### Task to carry out
Lift out, unaltered, the lines of the material below between the line holding "You can schedule" and the line holding "Hi, it's Mike", counting both.
[[ Task data, beginning ]]
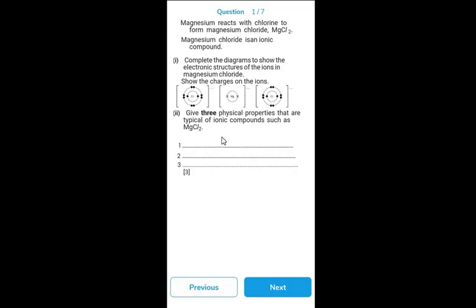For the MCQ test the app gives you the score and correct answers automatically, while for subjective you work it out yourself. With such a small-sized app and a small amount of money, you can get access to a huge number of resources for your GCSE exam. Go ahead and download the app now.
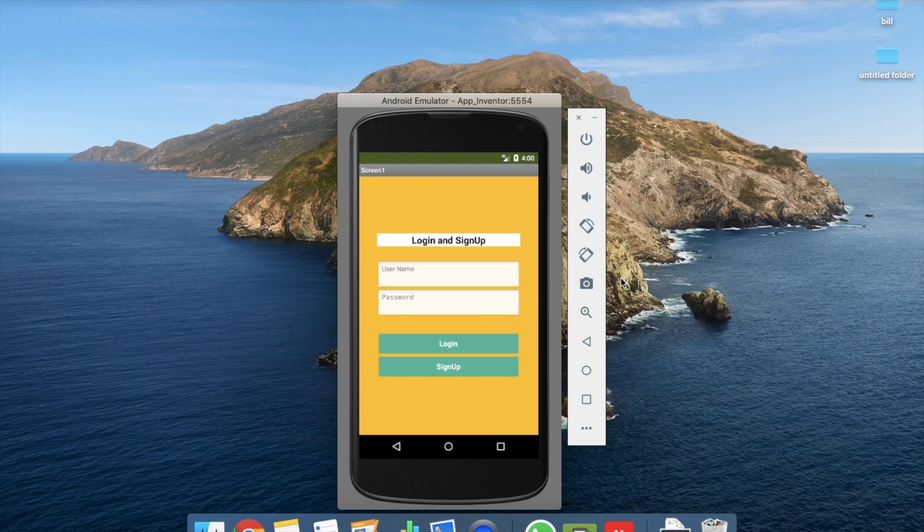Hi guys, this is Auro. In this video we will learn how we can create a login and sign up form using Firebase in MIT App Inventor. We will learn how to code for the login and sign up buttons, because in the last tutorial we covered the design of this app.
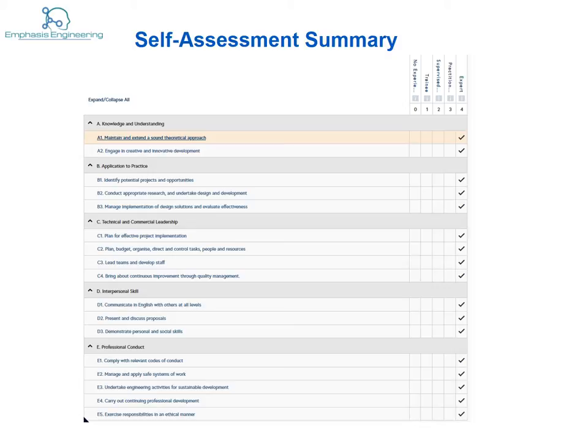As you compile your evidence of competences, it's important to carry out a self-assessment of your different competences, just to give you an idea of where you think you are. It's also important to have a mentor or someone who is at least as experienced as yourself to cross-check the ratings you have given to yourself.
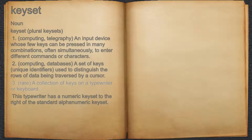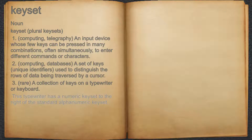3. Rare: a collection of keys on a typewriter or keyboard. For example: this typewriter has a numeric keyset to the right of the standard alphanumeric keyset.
[[ Task data, end ]]
[[ Task data, beginning ]]
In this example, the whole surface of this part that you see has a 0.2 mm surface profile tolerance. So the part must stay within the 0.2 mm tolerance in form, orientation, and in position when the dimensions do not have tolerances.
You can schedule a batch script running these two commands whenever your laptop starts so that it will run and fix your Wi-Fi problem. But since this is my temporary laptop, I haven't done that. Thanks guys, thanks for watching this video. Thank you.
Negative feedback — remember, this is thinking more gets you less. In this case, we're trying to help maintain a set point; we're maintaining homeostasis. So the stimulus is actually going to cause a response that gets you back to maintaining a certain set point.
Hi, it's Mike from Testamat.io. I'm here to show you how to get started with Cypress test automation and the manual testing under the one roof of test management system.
[[ Task data, end ]]
[[ Task data, beginning ]]
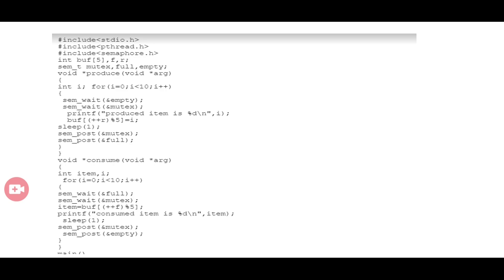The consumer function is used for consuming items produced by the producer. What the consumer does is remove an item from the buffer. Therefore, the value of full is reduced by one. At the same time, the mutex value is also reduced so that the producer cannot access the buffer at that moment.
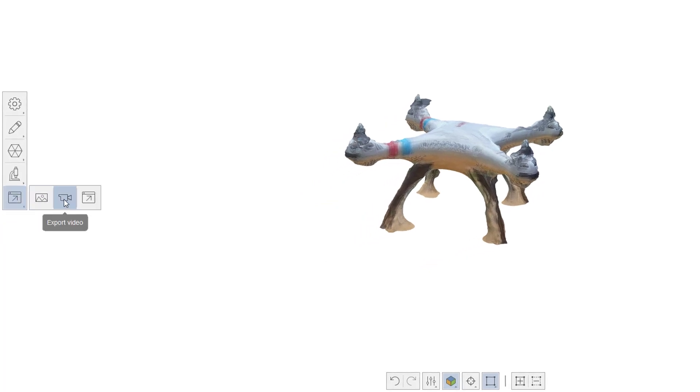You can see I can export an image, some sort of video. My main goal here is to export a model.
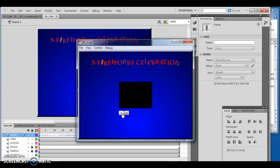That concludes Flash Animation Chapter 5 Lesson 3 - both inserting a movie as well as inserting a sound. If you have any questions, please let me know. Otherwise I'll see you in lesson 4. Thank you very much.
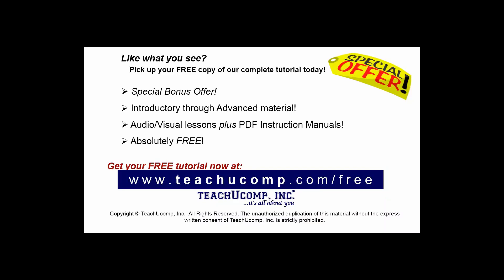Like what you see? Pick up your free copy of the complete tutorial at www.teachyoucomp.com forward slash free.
[[ Task data, end ]]
### Output for this task
You can schedule a batch script running these two commands whenever your laptop starts so that it will run and fix your Wi-Fi problem. But since this is my temporary laptop, I haven't done that. Thanks guys, thanks for watching this video. Thank you.
Negative feedback — remember, this is thinking more gets you less. In this case, we're trying to help maintain a set point; we're maintaining homeostasis. So the stimulus is actually going to cause a response that gets you back to maintaining a certain set point.
Hi, it's Mike from Testamat.io. I'm here to show you how to get started with Cypress test automation and the manual testing under the one roof of test management system.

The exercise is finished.